Failure to properly parse ENCODE's GRCh38 reference
sjgosai opened this issue · 4 comments
Hello,
I wanted to use pyfastx for some ENCODE analysis and tried to use the Fasta
class on the GRCh38 reference found here (more info here).. When I iterate through the fa
object I get unexpected results (i.e. the "description" from chr1 is the header for chr2). Interestingly enough, opening the file as a Fastx
object seems to work as expected. Unfortunately, I really want to use the fetch
method which isn't implemented for Fastx.seq
objects.
To troubleshoot I went ahead and tested the hg38.fa.gz
fasta from UCSC found here. Unfortunately, I'm getting odd results with this file too. For example many of the description fields are short nucleotide sequences (i.e. for chr10 i get "CGGGC").

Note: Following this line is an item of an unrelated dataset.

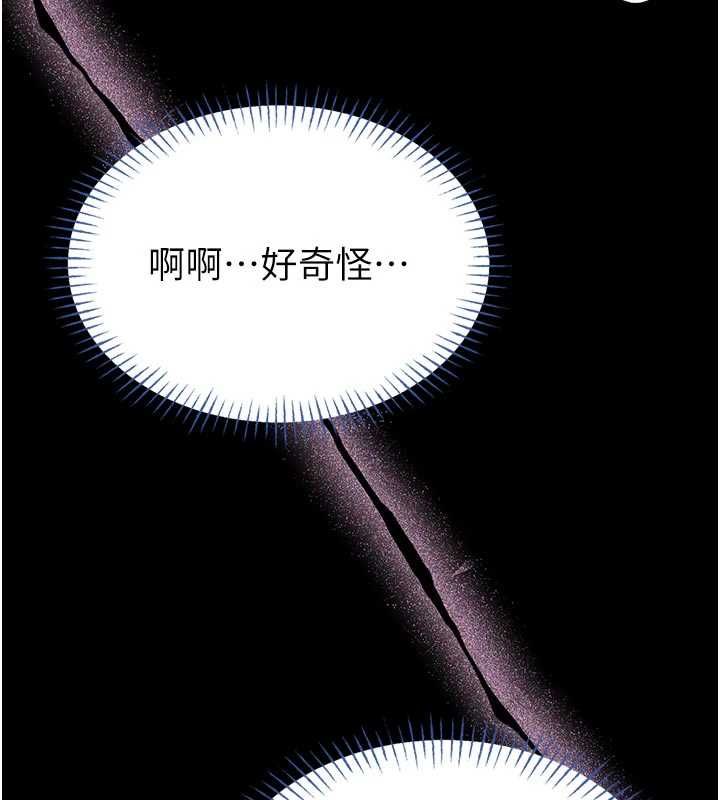 馆长是大野狼第14話-摸一下胸部就這麼濕了啊&hellip;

The description field errors may not have been an issue, except when you hit the end of the Fasta file you get a UnicodeDecodeError
when the description field is called.
I am using version 0.8.4
.
Here is a Google Colab notebook replicating the issue.
Have you install pyfastx by pip?
Yes. The first step is to install from PIP.
After that, I've fully reproduced the issue in the Colab notebook linked here. The notebook stands alone. It installs pyfastx
and downloads the relevant data from ENCODE or UCSC. The notebook is roughly annotated, hopefully helping clarify the issue.
We have fixed this issue in new versions >= 0.9.0
We have fixed this issue in new versions >= 0.9.0